I agree with Grandma Laurie also... Born and raised in Portland... Have lived briefly in Omaha NE and Kansas City Mo and of course there is no place like Oregon... Back to living in Portland... I too prefer the east side... Downsized & moved to Gresham 3 years ago.

My daughter, who I now live with, is a Real Estate Broker so if you would like to PM me she could probably give you advice about about the live-abilities, price comparisons etc of different locations.
PatSam


----------



## PatSam (Jul 30, 2011)

Thanx for the PM. Hope Patti can help you. Perhaps we'll meet in your quest for Portland housing and LYS's.
PatSam


----------



## Dorsey (Jan 20, 2012)

Don't live in OR, we are in beautiful WA state, but Molalla is nice - close to PDX and to Mt Hood, and the Columbia River. Good location. And a little bit country.
Dot


----------



## Joanierx (Jun 2, 2011)

Portland has wonderful public transportation , bus, streetcar and MAX. Sold my car two years ago.
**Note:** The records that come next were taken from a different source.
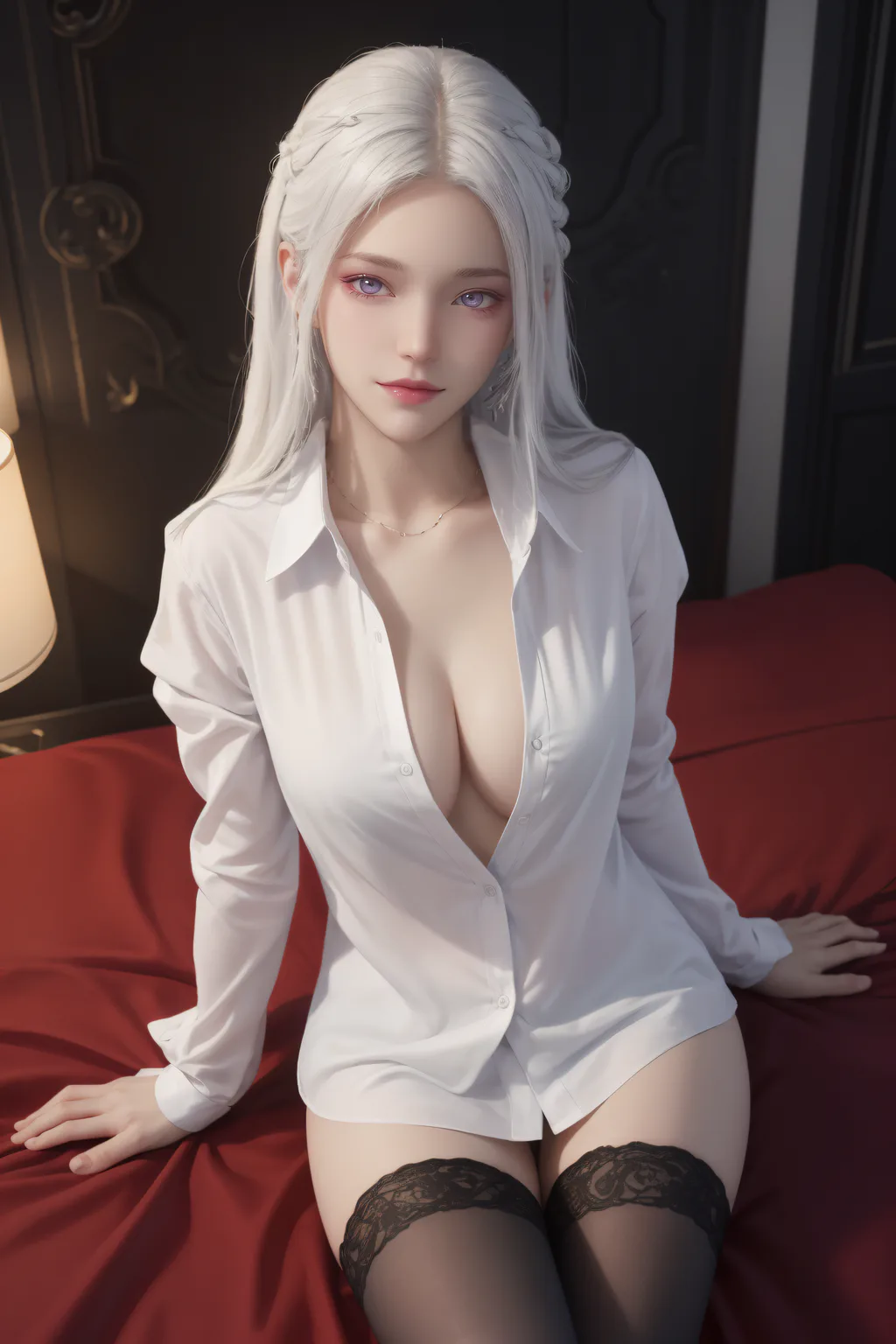 图片[8]-精选AI绘画 1047 斗罗大陆-波塞西[40P]-草丛看图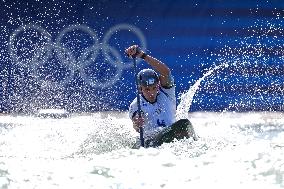 (PARIS2024) FRANCE-VAIRES-SUR-MARNE-OLY-CANOE SLALOM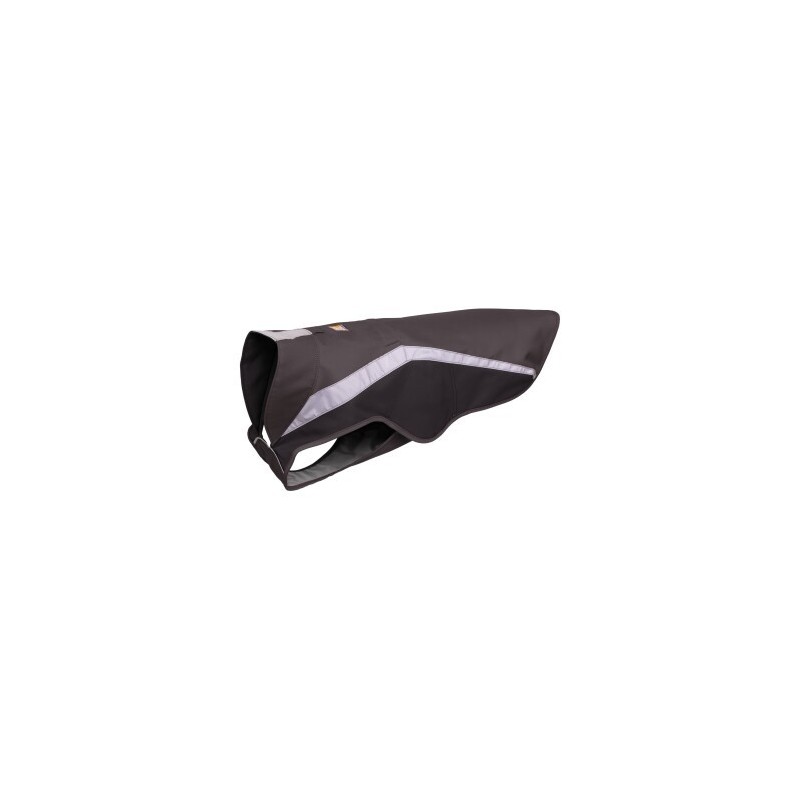 Ruffwear Lumenglow™ High-Vis Hundejacke grau XXS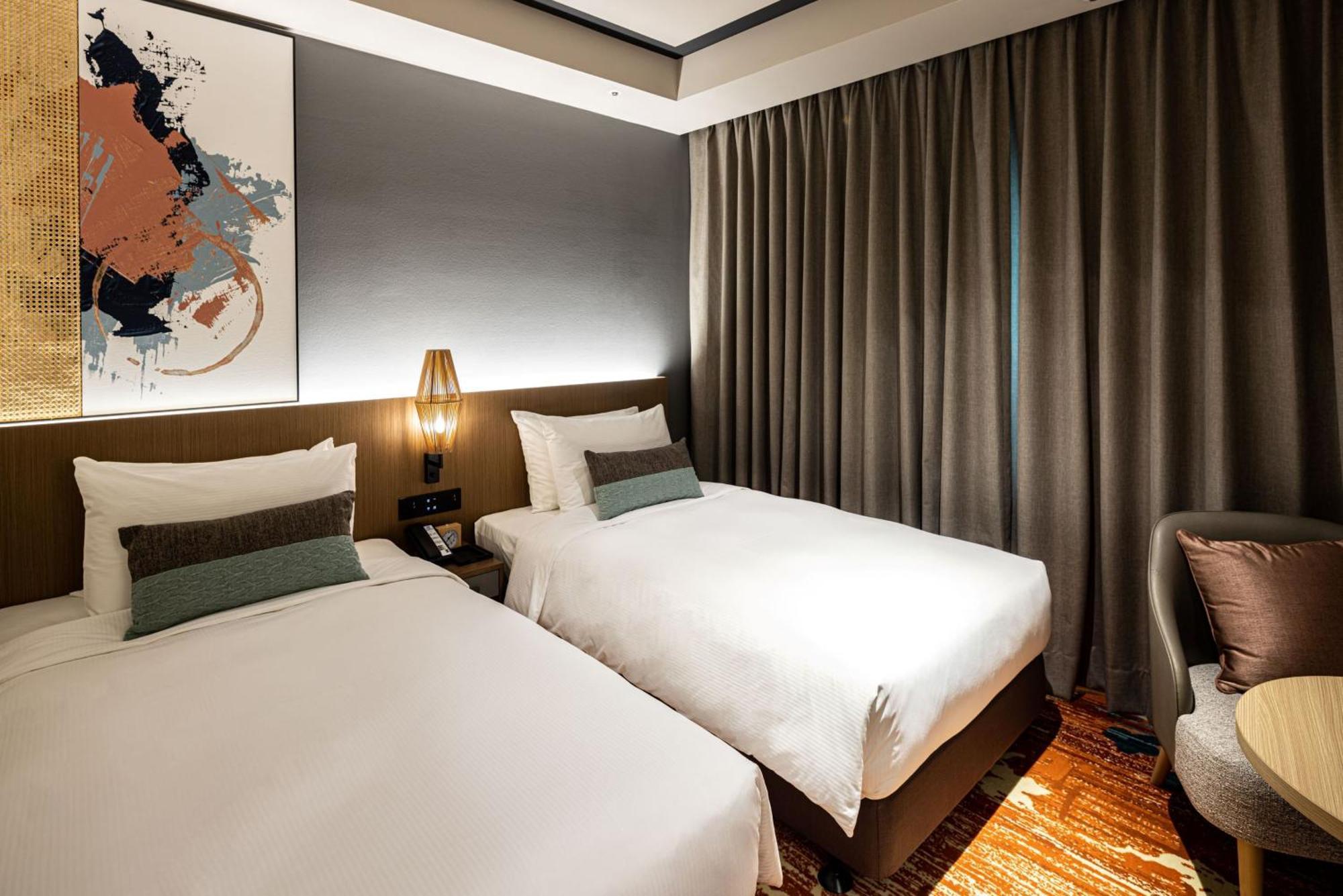 Solaria Nishitetsu Hotel Taipei Ximen Exterior photo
I live in the 
Pearl where there are two LYS. The NW side is easy to get around. East and west streets are alphabetical north of Burnside. North and south streets are numbered up from the river. Wish other quadrants were the same. Enjoy Oregon!
.


----------



## Ronie (Jan 21, 2011)

Except when you have fog and Gold Beach is sunny... LOL Hi carughooker... I'm just up the coast from you... We went up to Coos Bay/ North Bend today to pick up a new computer for me.. YAY!!! It was foggy all the way up the coast... I do have to agree with you about Brookings weather.. oh my we have had a beautiful summer haven't we??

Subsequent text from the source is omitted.